This creates problems for the aprun -B command.
b - Fix a problem running extremely large jobs with alps 1.1 and 1.2. Reservations
weren't correctly created in the past. TRQ-1092.
b - Fixed a deadlock with a queue mutex caused by call qstat -a <queue1> <queue2>
b - Fixed a memory corruption bug, double free in check_if_orphaned. To fix this
issue_Drequest was modified to always free the batch request regardless of
any errors.
b - Fix a potential segfault when using munge but not having set authorized users.
TRQ-1102
b - Added a modified version of a patch submitted by Matt Ezell for Bugzilla 207.
This fixes a seg-fault in qsub if Moab passes an environment variable without
a value.
b - fix an error in parsing environment variables with commas, newlines, etc. TRQ-1113
b - fixed a deadlock with array jobs running simultaneously with qstat.
b - Fixed qsub -v option. Variable list was not getting passed in to job environment.
TRQ-1128
b - TRQ-1116. mail is now sent on job start again.
b - TRQ-1118. Cray jobs are now recovered correctly after a restart.
b - TRQ-1109. Fixed x11 forwarding for interactive jobs. (qsub -I -X). Previous to
this fix interactive jobs would not run any x applications such as xterm, xclock,
etc.
b - TRQ-1161, Fixes a problem where TORQUE gets into a high CPU utilization condition.
The problem was that in the function process_pbs_server_port there was not
error returned if the call to getpeername() failed in the default case.
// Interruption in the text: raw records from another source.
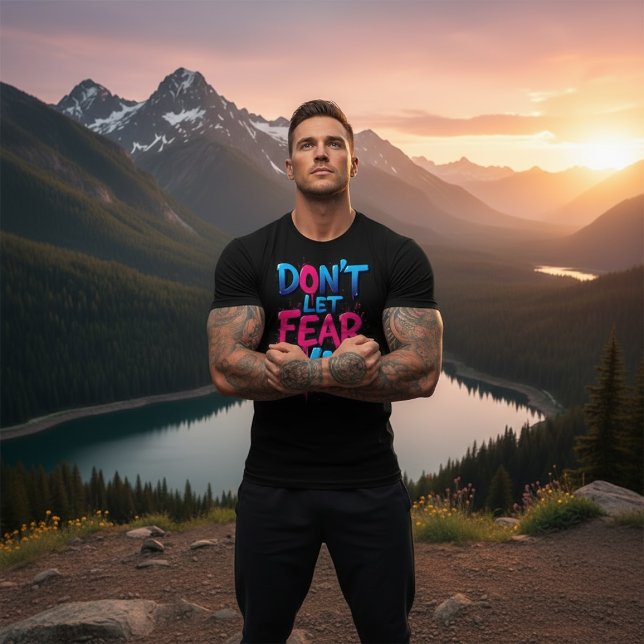 Don’t Let Fear Win Graffiti  Tri-Blend Shirt (Von Creator hochgeladen)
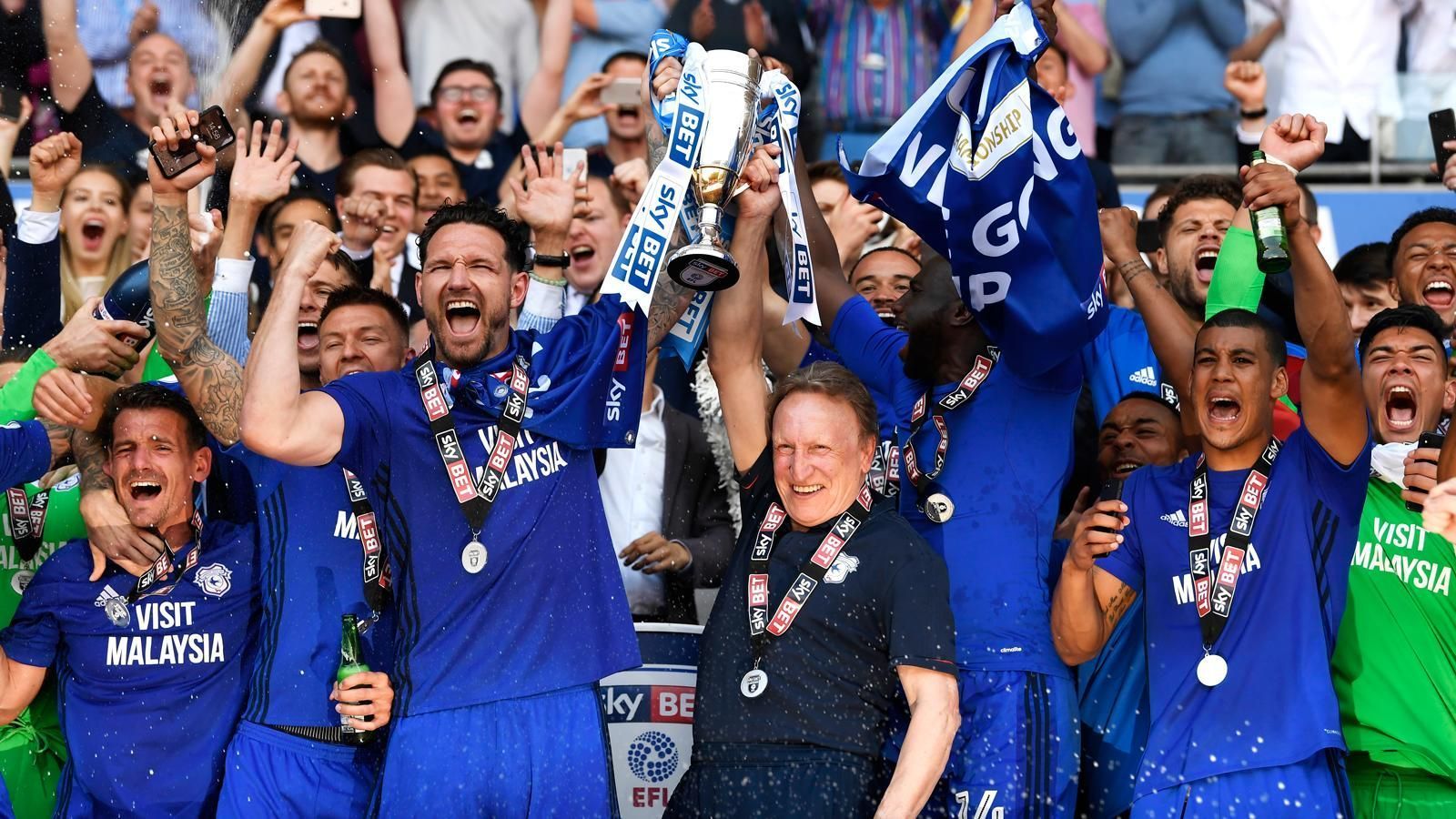 
                <strong>Cardiff City (Championship)</strong><br>
                Cardiff City steht als zweiter Aufsteiger in die Premier League fest. Am letzten Spieltag der englischen Championship reicht den Walisern ein 0:0 im Heimspiel gegen den FC Reading, um den direkten Aufstieg perfekt zu machen. Nach vier Jahren Abstinez kehrt Cardiff City somit wieder in Englands höchste Spielklasse zurück.
              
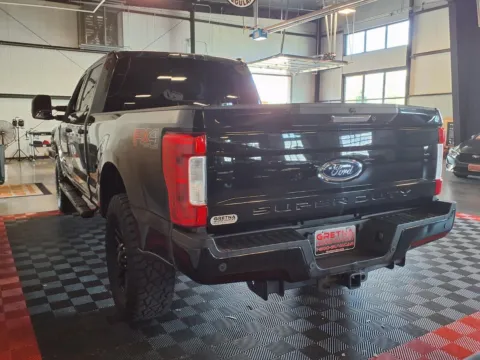 More photos of 2019 Ford F-250 Super Duty Lariat at Gretna Auto Outlet, NE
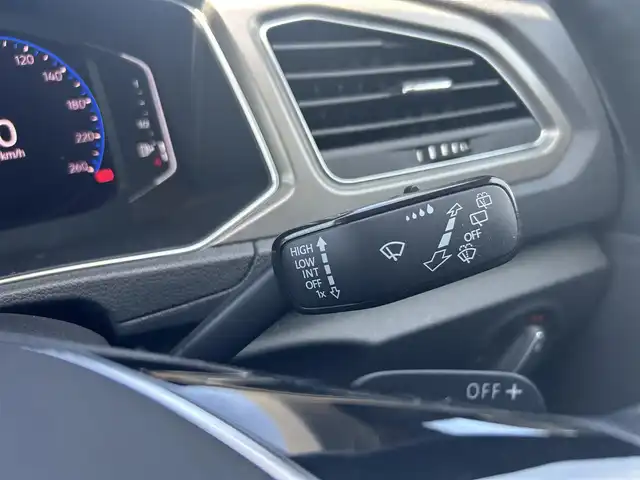 フォルクスワーゲン Ｔ－ロック 滋賀県 2021(令3)年 3.1万km 赤 ACC/LKA/17インチAW/ブラックルーフ/LEDヘッドライト/ETC/純正ナビ/バックカメラ/ブラインドスポットアシスト/パワーバックドア/プッシュスタート
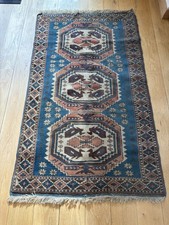 Tappeto fatto - , a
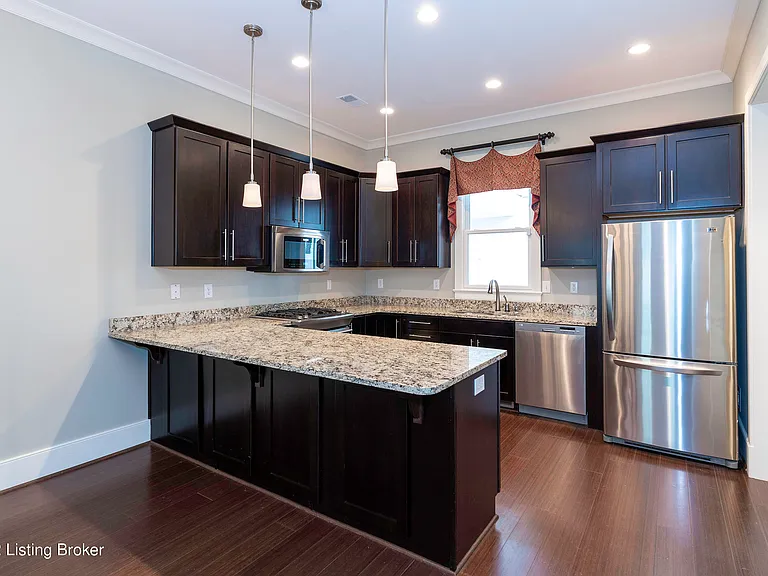 9317 Norton Commons Blvd — Photo 9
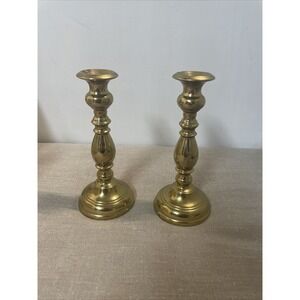 Virginia‎ metal crafters brass candlesticks Set Of 2 5 1/2 Inches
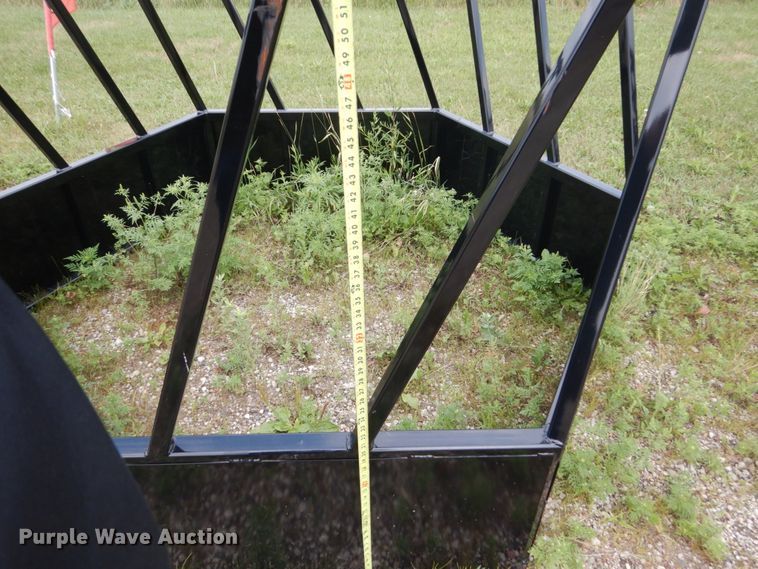 image for item FT9050 Hay bale feeder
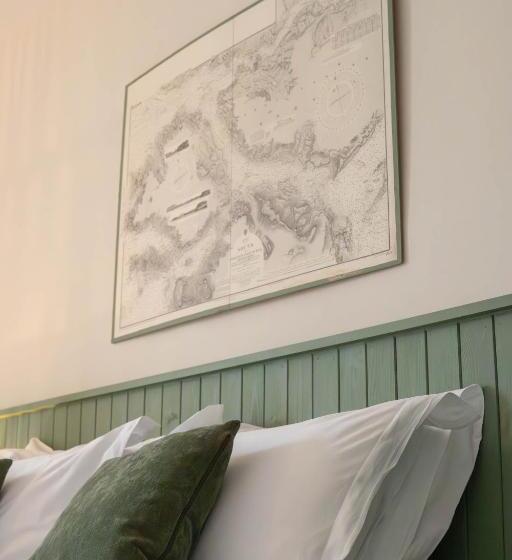 Western Isles Hotel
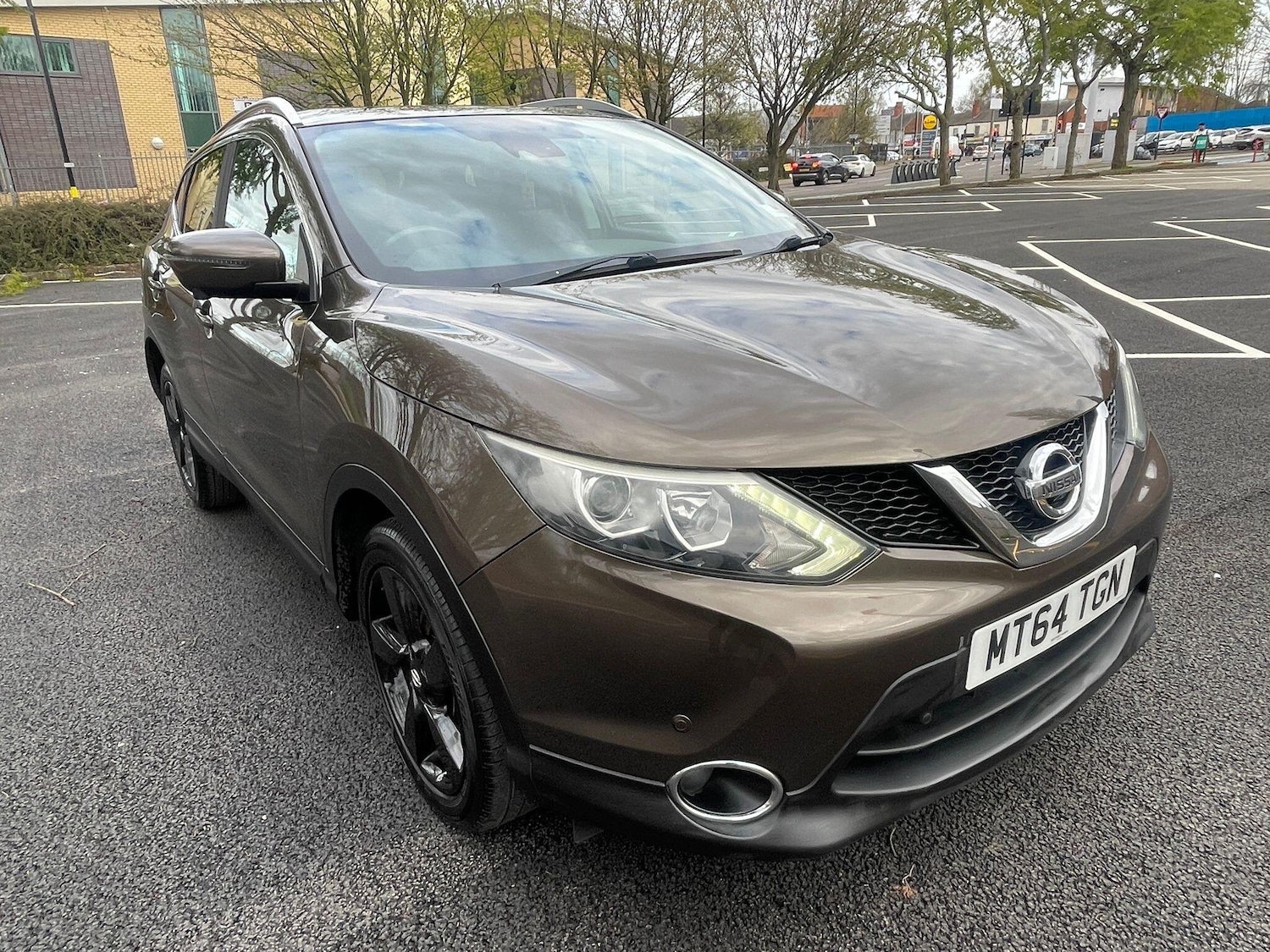 Used Nissan Qashqai for sale - 78057801: Photo 2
b - TRQ-1161. This fixes another case that would cause a thread to spin on poll
in start_process_pbs_server_port. A call to the dis function would return
and error but the code would close the connection and return the error code which
was a value less than 20. start_process_pbs_server_port did not recognize the low
error code value and would keep calling into process_pbs_server_port.
b - qdel'ing a running job in the cray environment was trying to communicate with the
cray compute instead of the login node. This is now fixed. TRQ-1184.
b - TRQ-1161. Fixed a problem in stream_eof where a svr_connect was used to connect
to a MOM to see if it was still there. On successful connection the connection
is closed but the wrong function (close_conn) with the wrong argument (the
handle returned by svr_connect()) was used. Replaced with svr_disconnect
b - Make it so that procct is never shown to Moab or users. TRQ-872.
b - TRQ-1182. Fixed a problem where jobs with dependencies were deleted on
the restart of pbs_server.
b - TRQ-1199. Fixed memory leaks found by Valgrind. Fixed a leak when routing jobs
to a remote server, memory leak with procct, memory leak creating queues,
memory leak with mom_server_valid_message_source and a memory leak in req_track.
4.1.0
e - make free_nodes() only look at nodes in the exec_host list and not examine
all nodes to check if the job at hand was there. This should greatly speed
up freeing nodes.
f - add the server parameter interactive_jobs_can_roam (Cray only). When set to
true, interactive jobs can have any login as mother superior, but by default
all interactive jobs with have their submit_host as mother superior
b - Fixed TRQ-696. Jobs get stuck in running state.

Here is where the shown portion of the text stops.